Feb 10, 2005 19:51
...this will be about nothing suggnificant- just me bitching because im in a HORRIBLE mood.... so dont read . or if you do i dont want any crap from you guys. that means YOU too, you know.
okay, ive been studying my fucking ASS off for the past week and some words i still cant get, like i know ill do fairly well, this is the most ive studied for a long long while 'cause tomorrow its double or nothin... so i try really really hard, and then mom grabs my list and starts drilling me, and i had no fucking idea, i have to have the one part in front of me or i screw up.. so then she starts giving me shit about how i should study. so sorry im not living up to your fucking perfect expectations, no ivy league school for me... oh darn, im upset. and then dad starts in, and he has absolutley NO room to bitch at me, i know he was a stoner in highschool and never got half the grades i get, and def. didnt take honors, so yeah, you have every right to chew me out, considering you're never here anyways, he always leaves for days at a time for work, and tells me like, the night before... all like "huh you know im leavin tomorrow morning right? huh." and im like no, you didnt fucking tell me because you dont wanna talk to me unless its about my lees than perfect GPA, so hes like, well drrr im leaving, ill be back sometime... thanks for that shit, dad. love you too. thanks for leaving me here to put up with moms shit. at least SOMETIMES you back me up and understand.
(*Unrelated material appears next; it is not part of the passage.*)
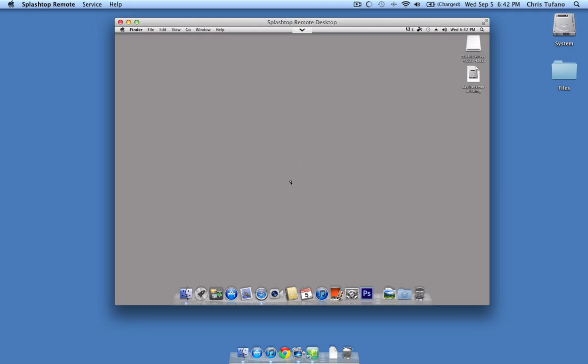Hello, my name is Chris and thanks for watching the MacStadium installation tutorial on how to install a DayLight server on your remote Mac Mini.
needles gave us this SWEET test today that i found longer and more difficult than my semester exam... what does that tell you? not to mention we've all gone back to kindergarden to study the food pyramid in health class. i put egyptians by mine. i was proud. my mommy wasnt, and miss campbell didnt think it was cool either.
i had fun after school with my bitch joe, x, and my other favorites, but im so pissed off i dont feel like writing.. guess youll have to wonder now. wont you? dont lose any sleep over it, its not that important. -me.